As an opera, Armida is very different to, say, The Barber of Seville. Written during Rossini’s so-called ‘serious’ period, when he was working in Naples, it clearly shows that the composer had quality singers and orchestral players available to him at the time. Yet this new Garsington Opera production (director Martin Duncan) points up a fascinating dichotomy: while the dramatic storyline is being played out on stage, Rossini cannot always resist a jolly tune and some sparkling instrumentation down in the pit — here played with evident relish by an on-top-form Garsington Opera Orchestra under David Parry. But the score looks forward too — towards the end, there are feelings that Verdi is not far round the corner, and there is a delicious Victorian moment when the nymphs sing Canzoni amorose (“Songs of love”) to harp accompaniment.

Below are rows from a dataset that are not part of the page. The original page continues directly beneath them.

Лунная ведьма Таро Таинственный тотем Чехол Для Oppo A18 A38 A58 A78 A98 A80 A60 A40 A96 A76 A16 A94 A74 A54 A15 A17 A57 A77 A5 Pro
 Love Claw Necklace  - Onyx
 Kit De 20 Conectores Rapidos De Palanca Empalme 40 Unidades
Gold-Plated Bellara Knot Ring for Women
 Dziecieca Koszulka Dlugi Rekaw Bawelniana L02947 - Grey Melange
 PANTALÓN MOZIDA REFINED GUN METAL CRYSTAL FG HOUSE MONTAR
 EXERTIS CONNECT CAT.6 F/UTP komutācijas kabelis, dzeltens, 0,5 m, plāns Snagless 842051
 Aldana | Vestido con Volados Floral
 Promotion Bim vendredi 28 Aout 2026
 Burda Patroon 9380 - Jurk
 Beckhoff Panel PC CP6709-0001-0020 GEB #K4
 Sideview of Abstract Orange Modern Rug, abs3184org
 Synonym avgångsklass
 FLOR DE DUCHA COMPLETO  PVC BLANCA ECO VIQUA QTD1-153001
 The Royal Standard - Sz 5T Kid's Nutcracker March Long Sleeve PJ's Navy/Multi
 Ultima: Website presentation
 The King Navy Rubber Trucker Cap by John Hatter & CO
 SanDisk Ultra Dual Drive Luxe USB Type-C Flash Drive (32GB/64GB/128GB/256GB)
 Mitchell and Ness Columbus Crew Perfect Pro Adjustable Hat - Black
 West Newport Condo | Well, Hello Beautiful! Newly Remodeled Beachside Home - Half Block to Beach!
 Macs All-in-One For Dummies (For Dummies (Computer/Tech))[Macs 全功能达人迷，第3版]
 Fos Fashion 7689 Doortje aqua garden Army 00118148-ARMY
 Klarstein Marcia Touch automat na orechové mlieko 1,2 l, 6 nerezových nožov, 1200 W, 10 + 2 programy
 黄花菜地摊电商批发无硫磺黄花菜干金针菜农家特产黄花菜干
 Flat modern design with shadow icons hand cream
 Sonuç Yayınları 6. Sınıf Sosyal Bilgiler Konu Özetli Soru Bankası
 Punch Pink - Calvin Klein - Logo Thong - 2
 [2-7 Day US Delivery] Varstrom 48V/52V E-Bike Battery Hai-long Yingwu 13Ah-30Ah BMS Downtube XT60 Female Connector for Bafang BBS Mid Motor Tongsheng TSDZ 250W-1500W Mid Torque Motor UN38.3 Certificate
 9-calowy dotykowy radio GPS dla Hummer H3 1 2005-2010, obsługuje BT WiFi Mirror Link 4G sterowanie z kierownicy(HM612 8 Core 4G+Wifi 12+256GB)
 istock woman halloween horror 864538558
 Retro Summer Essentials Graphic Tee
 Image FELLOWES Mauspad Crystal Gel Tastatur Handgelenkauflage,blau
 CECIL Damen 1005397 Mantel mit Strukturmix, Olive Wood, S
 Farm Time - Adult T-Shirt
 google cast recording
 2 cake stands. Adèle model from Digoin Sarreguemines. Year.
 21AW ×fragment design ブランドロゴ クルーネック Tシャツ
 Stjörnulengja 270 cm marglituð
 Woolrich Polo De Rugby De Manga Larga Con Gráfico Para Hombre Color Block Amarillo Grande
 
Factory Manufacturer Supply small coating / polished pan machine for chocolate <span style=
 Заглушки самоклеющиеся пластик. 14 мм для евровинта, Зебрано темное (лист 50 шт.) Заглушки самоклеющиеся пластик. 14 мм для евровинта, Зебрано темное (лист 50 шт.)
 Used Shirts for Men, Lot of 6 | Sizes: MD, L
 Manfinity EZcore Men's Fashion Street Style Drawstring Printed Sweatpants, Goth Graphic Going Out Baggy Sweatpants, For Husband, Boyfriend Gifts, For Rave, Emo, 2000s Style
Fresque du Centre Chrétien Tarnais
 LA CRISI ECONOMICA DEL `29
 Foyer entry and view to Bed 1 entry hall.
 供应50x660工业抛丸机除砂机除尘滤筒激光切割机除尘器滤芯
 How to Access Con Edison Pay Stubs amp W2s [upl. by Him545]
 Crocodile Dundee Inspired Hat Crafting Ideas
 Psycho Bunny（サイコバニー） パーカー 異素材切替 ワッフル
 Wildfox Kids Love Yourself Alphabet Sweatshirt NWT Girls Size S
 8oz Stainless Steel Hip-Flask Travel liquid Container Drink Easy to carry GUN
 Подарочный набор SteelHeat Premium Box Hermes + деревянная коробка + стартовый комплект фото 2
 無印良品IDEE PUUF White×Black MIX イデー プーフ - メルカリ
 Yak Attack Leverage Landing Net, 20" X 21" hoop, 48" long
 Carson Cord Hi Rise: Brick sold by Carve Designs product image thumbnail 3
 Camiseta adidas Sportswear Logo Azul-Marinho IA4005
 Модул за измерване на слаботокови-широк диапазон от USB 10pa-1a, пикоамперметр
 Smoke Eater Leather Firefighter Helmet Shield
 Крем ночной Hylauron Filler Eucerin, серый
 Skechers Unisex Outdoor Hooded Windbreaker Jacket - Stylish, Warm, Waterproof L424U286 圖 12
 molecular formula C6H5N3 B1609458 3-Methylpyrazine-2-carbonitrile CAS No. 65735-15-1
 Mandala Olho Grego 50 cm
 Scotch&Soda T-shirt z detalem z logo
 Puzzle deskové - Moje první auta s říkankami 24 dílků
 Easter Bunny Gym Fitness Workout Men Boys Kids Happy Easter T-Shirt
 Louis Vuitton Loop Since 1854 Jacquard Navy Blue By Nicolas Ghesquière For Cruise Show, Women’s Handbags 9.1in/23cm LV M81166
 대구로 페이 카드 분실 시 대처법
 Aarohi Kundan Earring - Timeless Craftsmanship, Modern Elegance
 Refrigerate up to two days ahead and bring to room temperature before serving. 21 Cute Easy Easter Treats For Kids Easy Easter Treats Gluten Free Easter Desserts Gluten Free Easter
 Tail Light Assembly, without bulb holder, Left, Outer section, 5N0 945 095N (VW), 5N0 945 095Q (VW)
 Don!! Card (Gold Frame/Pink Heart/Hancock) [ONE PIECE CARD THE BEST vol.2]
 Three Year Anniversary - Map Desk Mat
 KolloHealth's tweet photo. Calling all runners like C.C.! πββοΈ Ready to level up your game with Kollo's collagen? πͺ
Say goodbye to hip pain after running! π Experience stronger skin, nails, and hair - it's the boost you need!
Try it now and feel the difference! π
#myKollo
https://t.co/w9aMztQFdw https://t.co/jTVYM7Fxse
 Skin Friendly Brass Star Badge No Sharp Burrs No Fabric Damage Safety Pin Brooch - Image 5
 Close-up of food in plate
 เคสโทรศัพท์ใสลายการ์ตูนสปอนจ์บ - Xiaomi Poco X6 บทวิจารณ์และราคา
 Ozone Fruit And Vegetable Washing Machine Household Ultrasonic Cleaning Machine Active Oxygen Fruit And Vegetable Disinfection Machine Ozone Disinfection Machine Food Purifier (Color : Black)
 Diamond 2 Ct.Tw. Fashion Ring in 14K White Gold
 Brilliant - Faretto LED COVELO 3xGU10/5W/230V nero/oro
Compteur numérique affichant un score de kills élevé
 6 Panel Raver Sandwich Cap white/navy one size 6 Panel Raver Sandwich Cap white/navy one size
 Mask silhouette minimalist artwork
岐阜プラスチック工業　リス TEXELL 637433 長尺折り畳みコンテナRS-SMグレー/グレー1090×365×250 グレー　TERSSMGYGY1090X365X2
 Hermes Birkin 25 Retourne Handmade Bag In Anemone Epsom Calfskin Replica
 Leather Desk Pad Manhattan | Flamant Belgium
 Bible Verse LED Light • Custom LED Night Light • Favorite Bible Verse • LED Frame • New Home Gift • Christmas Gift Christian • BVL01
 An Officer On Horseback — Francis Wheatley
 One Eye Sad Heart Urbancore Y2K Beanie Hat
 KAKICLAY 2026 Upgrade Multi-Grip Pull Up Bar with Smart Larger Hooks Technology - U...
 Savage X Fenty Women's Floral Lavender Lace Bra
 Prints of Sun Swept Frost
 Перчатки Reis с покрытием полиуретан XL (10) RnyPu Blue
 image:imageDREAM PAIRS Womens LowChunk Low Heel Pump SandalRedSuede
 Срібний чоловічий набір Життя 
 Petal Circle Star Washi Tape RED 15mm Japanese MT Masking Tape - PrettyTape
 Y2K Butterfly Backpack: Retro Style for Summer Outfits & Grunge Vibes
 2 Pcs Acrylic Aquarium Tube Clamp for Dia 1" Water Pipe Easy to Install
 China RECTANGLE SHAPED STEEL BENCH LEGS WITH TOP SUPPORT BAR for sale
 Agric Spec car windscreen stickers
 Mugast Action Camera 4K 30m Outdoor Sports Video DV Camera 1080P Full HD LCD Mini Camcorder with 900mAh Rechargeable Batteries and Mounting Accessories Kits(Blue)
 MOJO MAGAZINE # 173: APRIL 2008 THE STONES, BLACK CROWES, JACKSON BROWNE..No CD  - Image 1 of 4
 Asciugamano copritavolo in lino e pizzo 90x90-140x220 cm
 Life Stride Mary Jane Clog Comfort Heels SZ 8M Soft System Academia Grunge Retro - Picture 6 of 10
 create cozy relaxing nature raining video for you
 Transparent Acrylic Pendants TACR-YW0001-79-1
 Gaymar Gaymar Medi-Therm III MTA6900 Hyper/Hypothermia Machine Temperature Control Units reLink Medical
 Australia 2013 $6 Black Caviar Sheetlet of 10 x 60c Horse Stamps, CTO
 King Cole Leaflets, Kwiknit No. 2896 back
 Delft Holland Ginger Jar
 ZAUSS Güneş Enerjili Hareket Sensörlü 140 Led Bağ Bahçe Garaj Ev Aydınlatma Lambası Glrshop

In a powerfully delivered performance, Jessica Pratt emphasises Almida’s Mrs Thatcher-like determination. Yet there is tenderness too: at times you do feel that she actually loves Rinaldo, anyway for a while. Meanwhile, in a vocal performance that increases in confidence and security as it progresses, Victor Ryan Robertson’s Rinaldo, at first presents an inscrutable façade, appropriate to a Crusader knight. Here indeed is a man stuck between a rock and a hard place, and as time goes on the conflict between emotion and duty becomes etched in his face.

The perhaps unintentional humour in this production comes courtesy of the set and costume design. Ashley Martin-Davis provides a psychedelic enchanted garden, mounted on three giant tables, which are laboriously pushed around by nymphs attired in lingerie that seems to have come straight out of a 1950s catalogue (complete with suspenders), aided by daft-looking male spirits dressed in stripy blue. Unforgettable — but what a shame that in this final year of opera at Garsington, the Manor’s own glorious garden hasn’t been incorporated into the design.